→ Exercise brief:
Among the lines below, the one containing "Sims 4 Ccs The" opens the range and the one containing "Litera Juvenil Minimalista" closes it. Print that range exactly, without the pictures.

→ Input material:
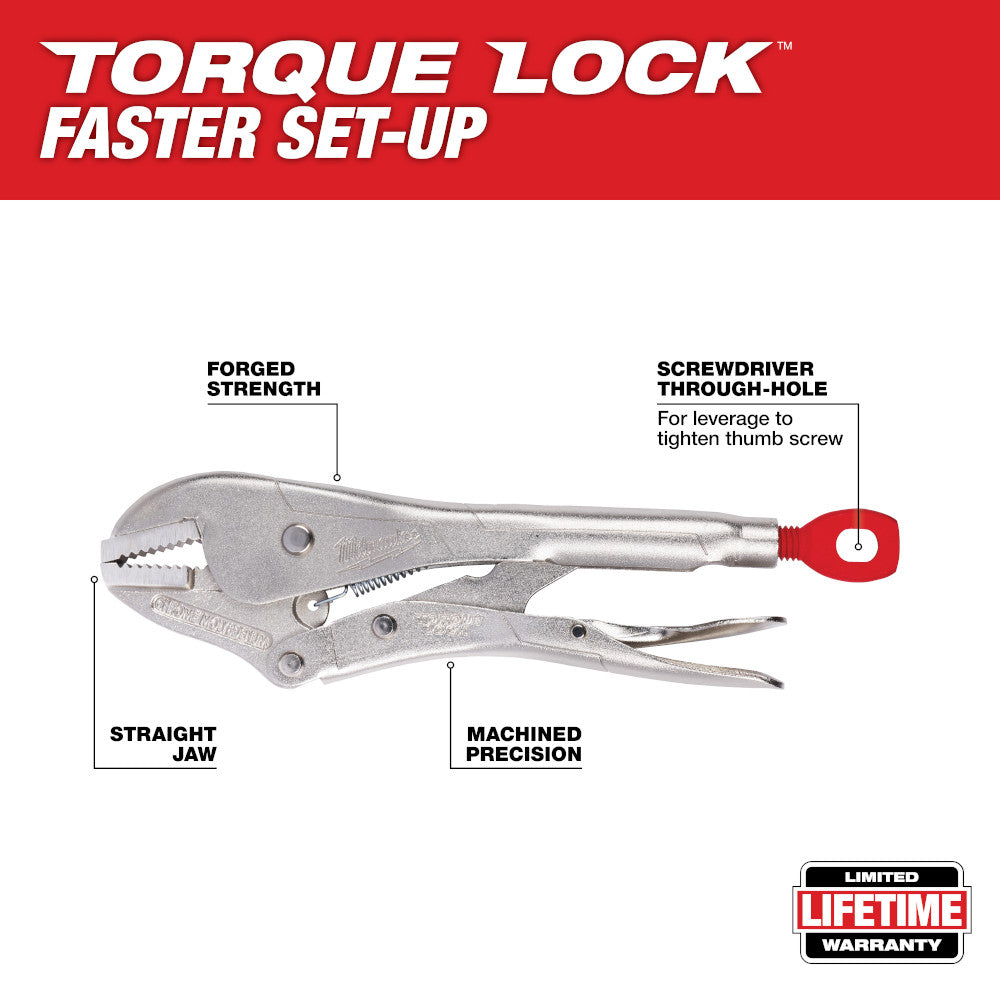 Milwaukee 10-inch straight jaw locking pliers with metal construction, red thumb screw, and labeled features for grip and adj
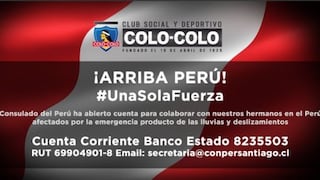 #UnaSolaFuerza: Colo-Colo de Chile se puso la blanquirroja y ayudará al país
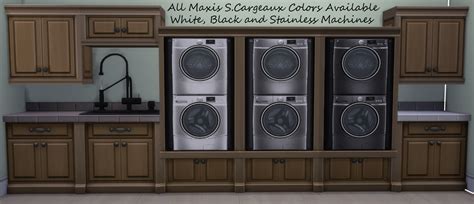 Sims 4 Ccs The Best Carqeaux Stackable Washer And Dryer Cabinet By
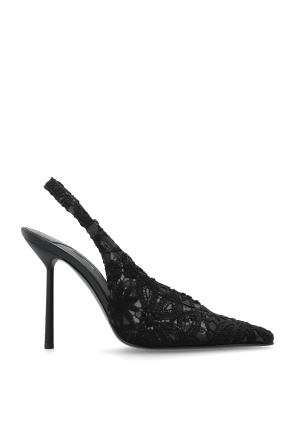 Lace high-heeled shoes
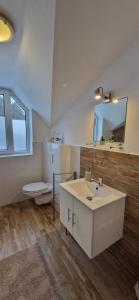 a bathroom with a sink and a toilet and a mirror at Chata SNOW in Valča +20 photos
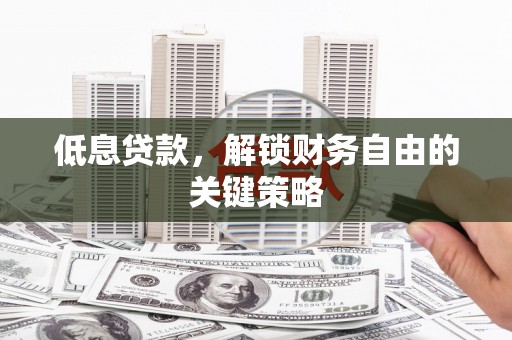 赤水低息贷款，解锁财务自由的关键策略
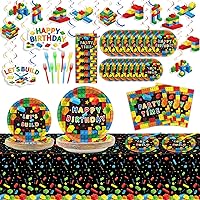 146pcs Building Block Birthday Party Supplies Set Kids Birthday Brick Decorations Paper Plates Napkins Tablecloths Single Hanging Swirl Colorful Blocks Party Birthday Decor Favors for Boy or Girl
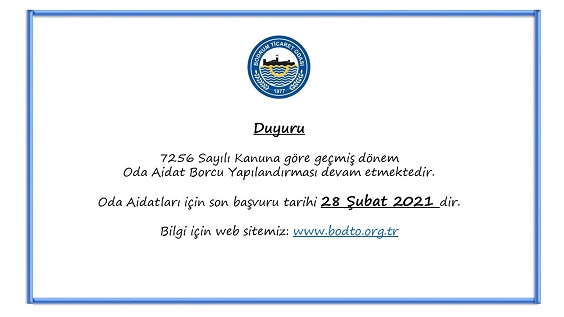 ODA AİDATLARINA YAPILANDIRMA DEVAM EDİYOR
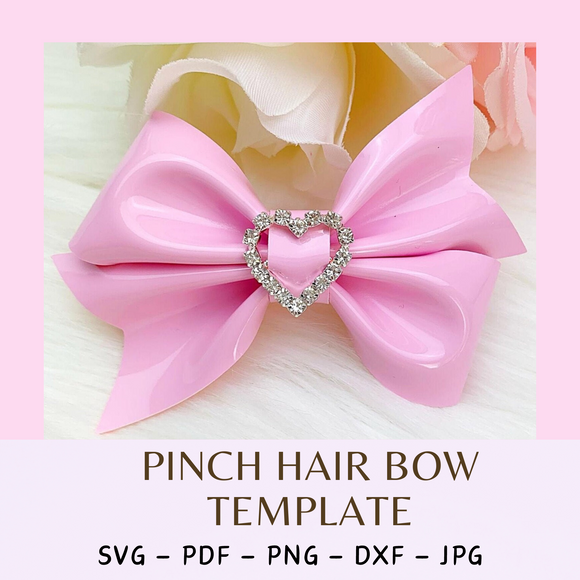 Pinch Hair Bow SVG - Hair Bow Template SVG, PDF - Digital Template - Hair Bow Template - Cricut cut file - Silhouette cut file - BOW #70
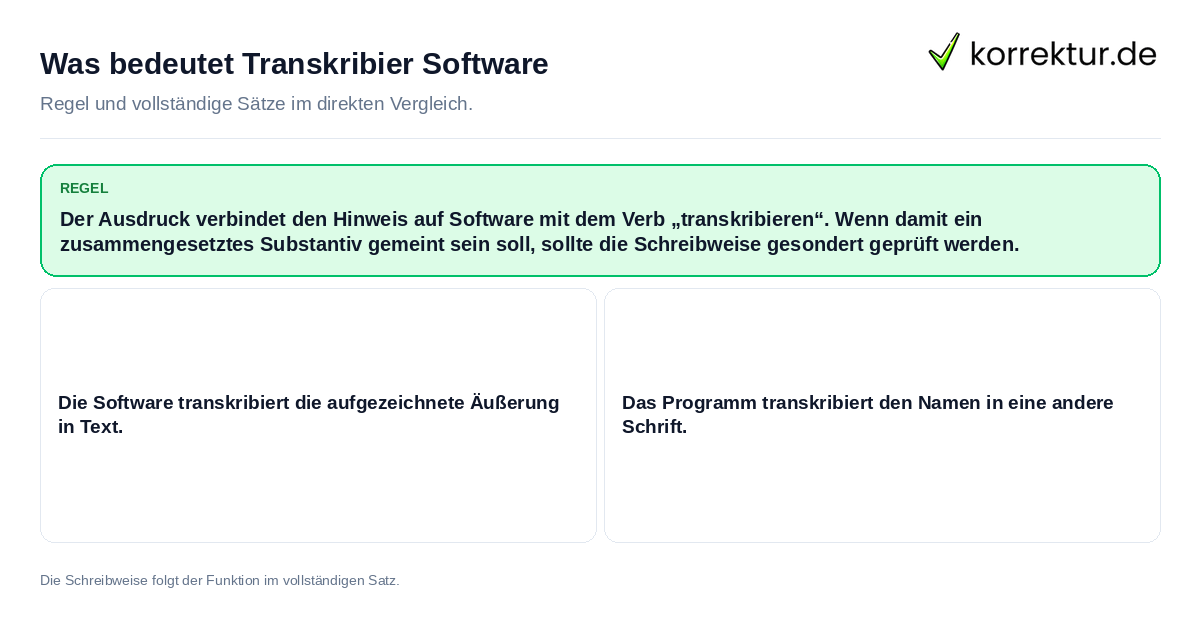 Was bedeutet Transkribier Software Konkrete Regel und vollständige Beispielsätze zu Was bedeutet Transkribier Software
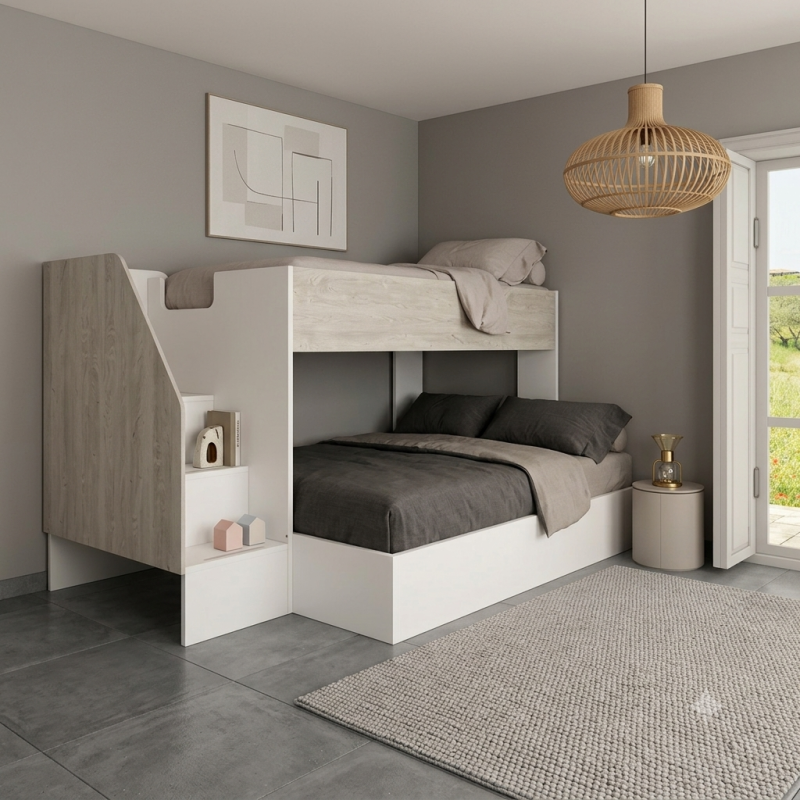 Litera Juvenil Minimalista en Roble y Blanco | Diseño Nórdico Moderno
...
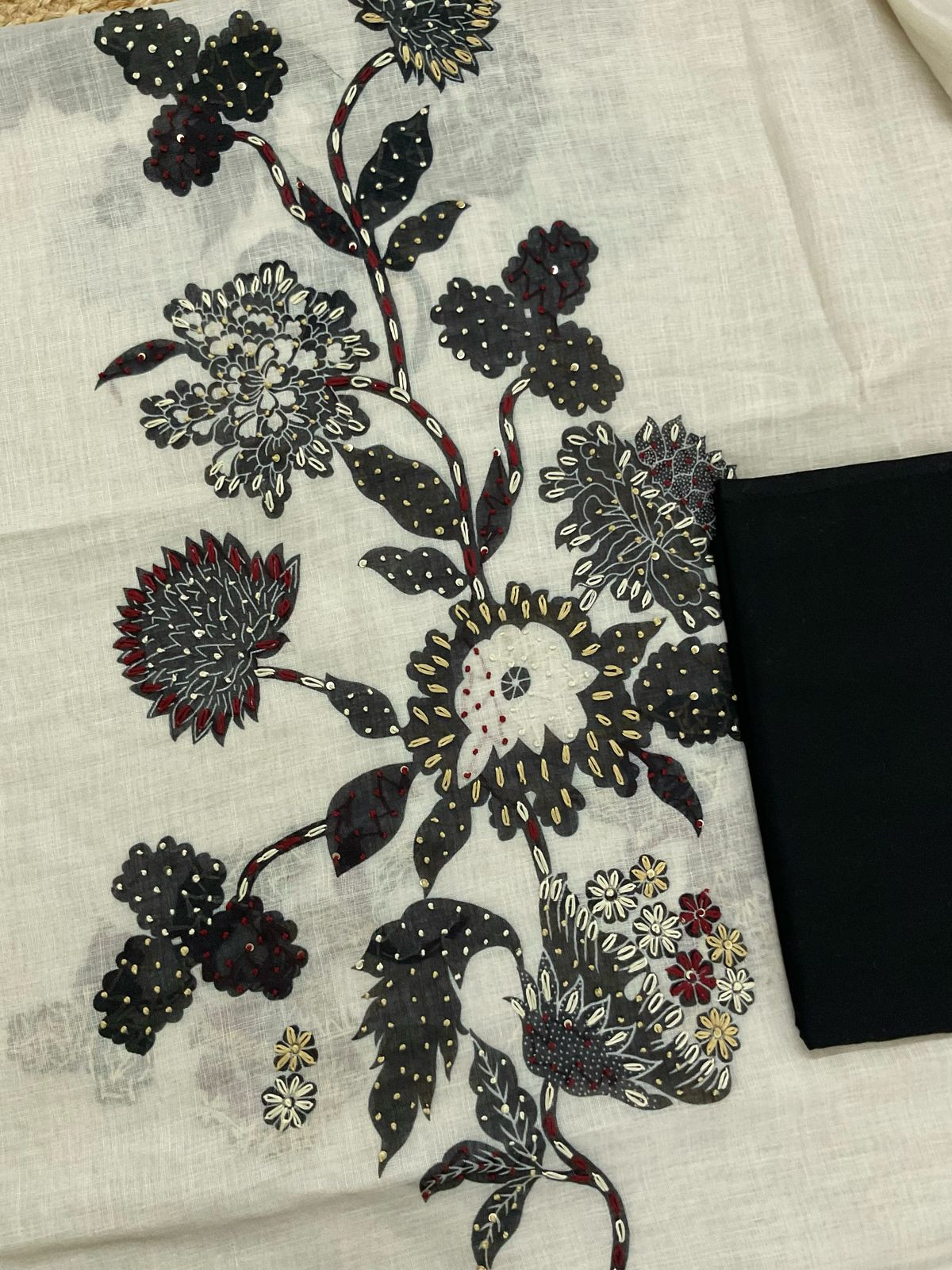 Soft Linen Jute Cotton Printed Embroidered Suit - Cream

→ Written answer:
 Sims 4 Ccs The Best Carqeaux Stackable Washer And Dryer Cabinet By
 Lace high-heeled shoes
 a bathroom with a sink and a toilet and a mirror at Chata SNOW in Valča +20 photos
 赤水低息贷款，解锁财务自由的关键策略
 146pcs Building Block Birthday Party Supplies Set Kids Birthday Brick Decorations Paper Plates Napkins Tablecloths Single Hanging Swirl Colorful Blocks Party Birthday Decor Favors for Boy or Girl
 ODA AİDATLARINA YAPILANDIRMA DEVAM EDİYOR
 Pinch Hair Bow SVG - Hair Bow Template SVG, PDF - Digital Template - Hair Bow Template - Cricut cut file - Silhouette cut file - BOW #70
 Was bedeutet Transkribier Software Konkrete Regel und vollständige Beispielsätze zu Was bedeutet Transkribier Software
 Litera Juvenil Minimalista en Roble y Blanco | Diseño Nórdico Moderno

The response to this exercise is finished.